The game on also happens to be the Boston-Pittsburgh match-up. Sidney Crosby, captain of the Penguins, is coming off scoring the winning goal in the Olympic gold medal game against the U.S. last week, and is not playing stellarly, but it doesn’t really matter.
The New York Times published an article following the Canadian gold medal victory about the sport’s culture in that nation. Sure, we have baseball in America, the article says, but we have nothing that rivals the hockey tradition in Canada.
Children to our north are given skates before they can walk, hockey sticks before they can write, and bred to be diehard Habs, Maple Leafs, or Oilers fans from infancy (No kidding, you can get sippy cups, pacifiers, onesies, and anything else with the team logos plastered on them).
For Canadians, hockey is more than a sport-it’s a religion. Hockey Night in Canada has as many viewers as all of the churches in Canada on a Sunday and Don Cherry’s infamous style stands in for the drab robes of usual pastors. And watchers treat Cherry as a priest-anxiously awaiting intermission to hear his homily of commentary, predictions, and gossip.

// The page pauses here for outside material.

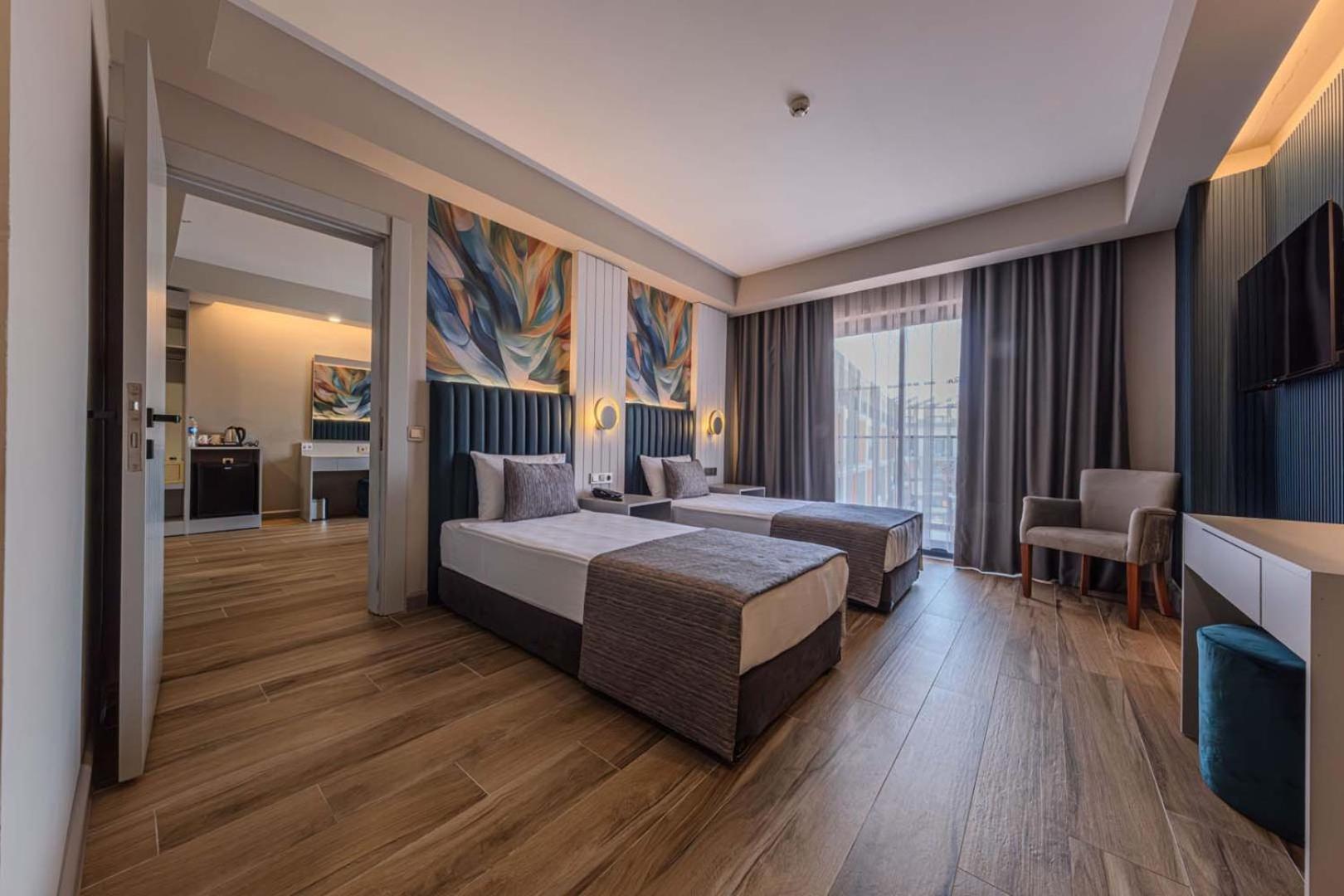 Dream Fun World Hotell Side Eksteriør bilde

The people in this waiting room are generally silent, except for random sentences-presumably about the condition of their loved one. Then something not so surprising happens. They start talking about the game.
Somber faces turn to eager ones waiting for the replay of the last goal or fight. People united only by the fact that they must wait on these blue sofas for news, debate the merits of each team.
So sure…there are Torahs waiting for visitors in a nearby bookshelf, but it seems as though the NHL and the tradition of hockey might be all they need to get through the hard times.